Compte pénibilité dans le privé : un dispositif indigent

La réforme Hollande de 2013 avait en effet créé un compte pénibilité, supposément pour permettre aux métiers pénibles de ne pas subir de plein fouet le report de l’âge de la retraite à 62 ans. Il aurait fallu avoir été exposé pendant 20 ans à une pénibilité, et que l’employeur la déclare chaque année, pour avoir droit à partir à 60 ans au lieu de 62.

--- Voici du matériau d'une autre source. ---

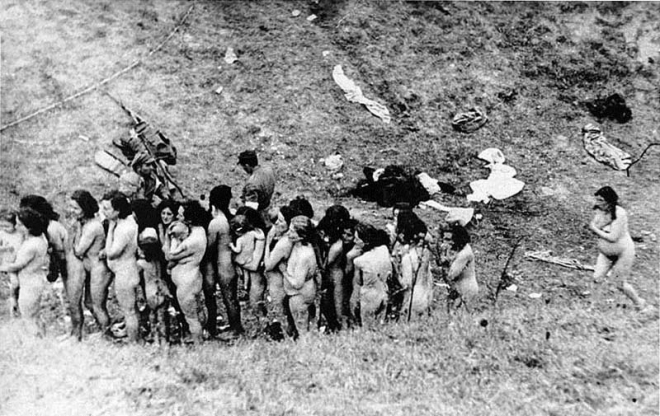 10张老照片反应纳粹士兵对犹太妇女的罪行：强迫脱光后集体屠杀(1)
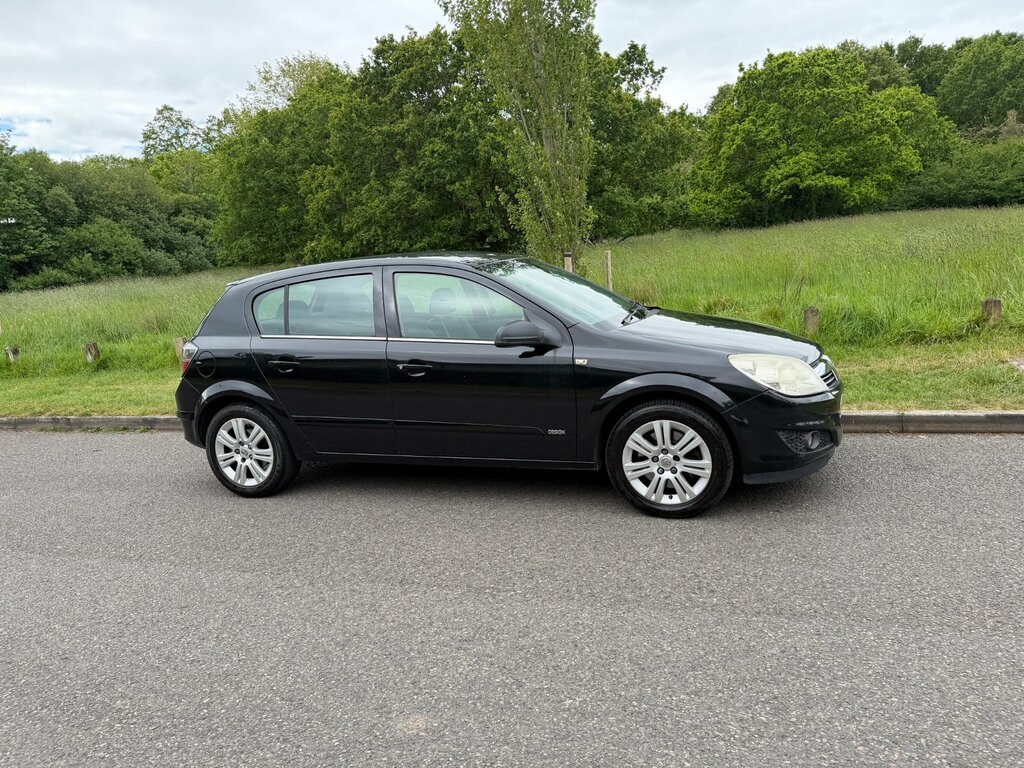 Vauxhall Astra 1.9 Cdti 16V Design Black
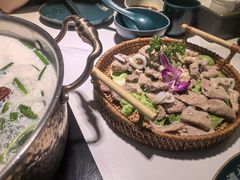 -椰子湾·海南火锅·糟粕醋·椰子鸡(正大广场店)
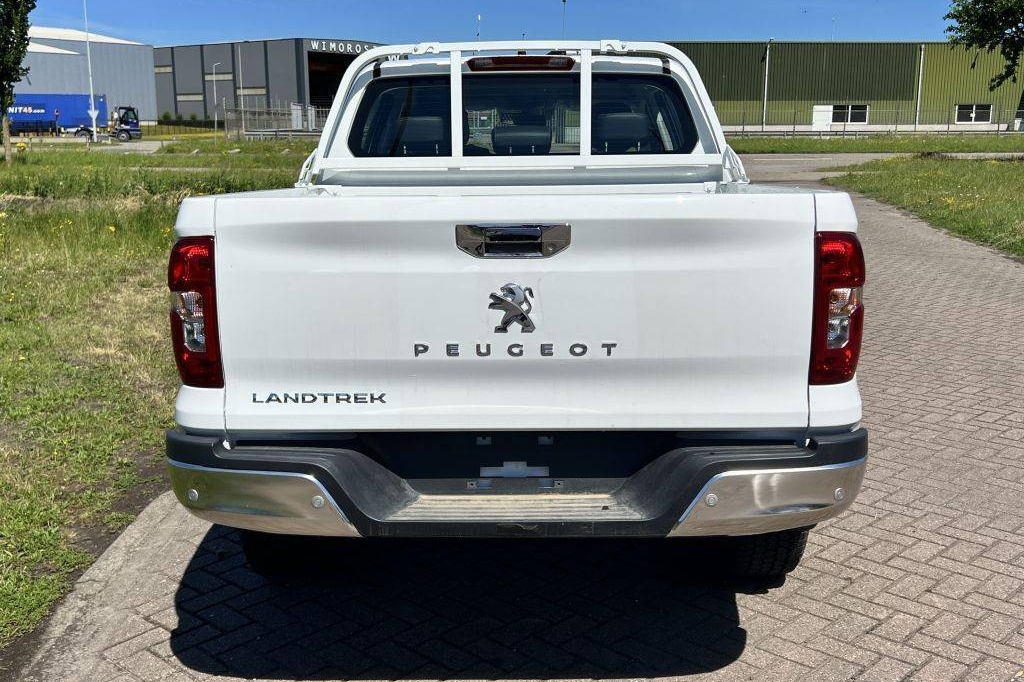 Peugeot Landtrek Double Cab 4x4 1.9L Diesel 6-Speed 2023 фото Peugeot Landtrek Double Cab 4x4 1.9L Diesel 6-Speed 2023 фото 8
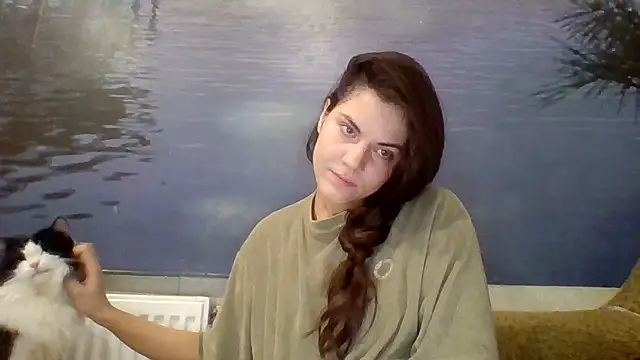 Snapshot of AliceTailor chatting on November 6, 2025, 5:52 am AliceTailor online show from November 6, 2025, 5:52 am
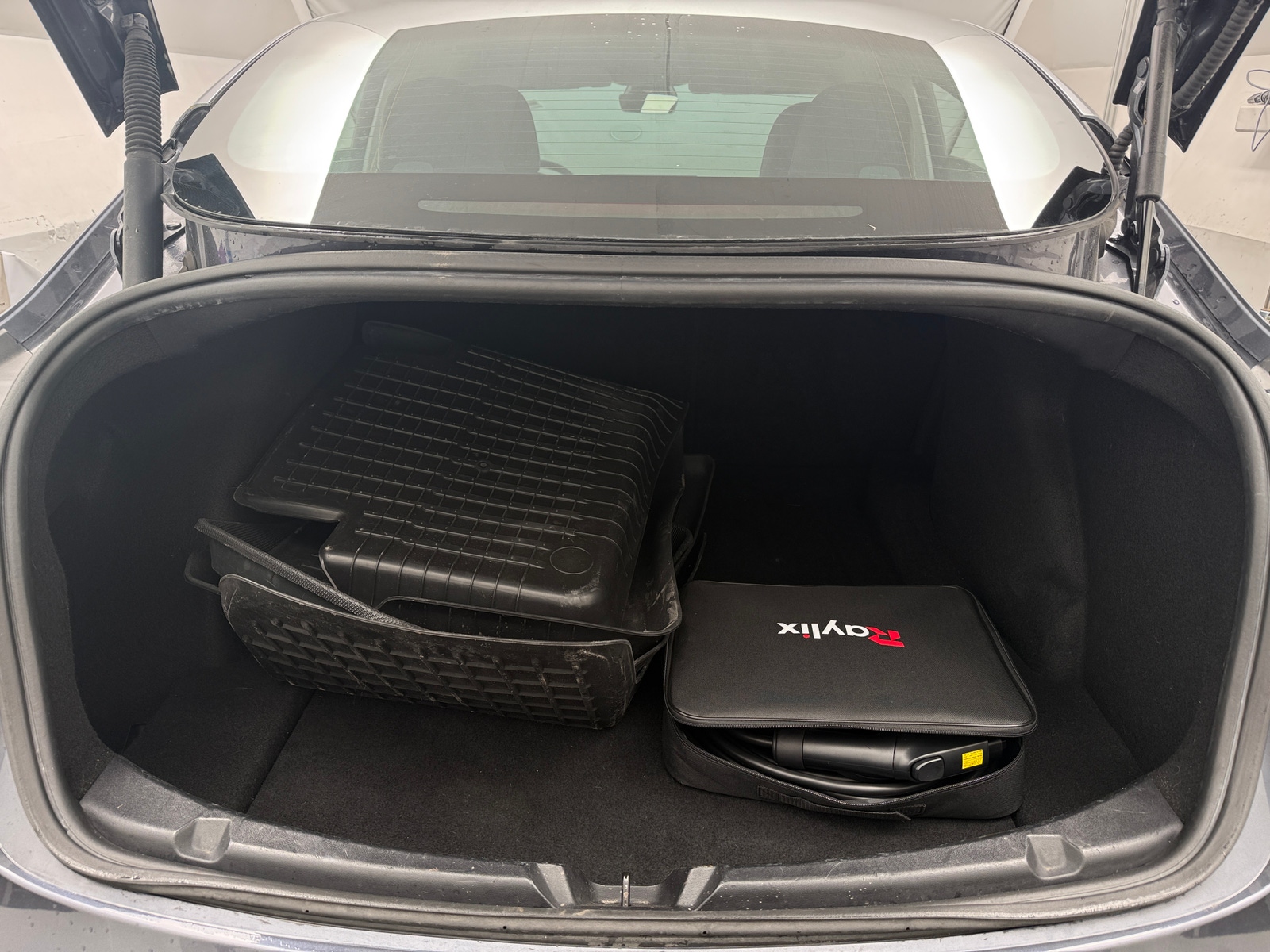 Thumbnail: 2022 Tesla Model 3 - 6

Même si cette mesure était très insuffisante pour compenser les injustices liées aux écarts de mortalité, le Medef a bloqué son application, et Emmanuel Macron l’a encore affaiblie en 2017, en supprimant 6 des 10 critères de pénibilité : exit les produits chimiques cancérogènes, les postures pénibles, le port de charges, les températures extrêmes, les vibrations… seuls restent le travail en équipes alternantes, le travail de nuit et le travail répétitif [6].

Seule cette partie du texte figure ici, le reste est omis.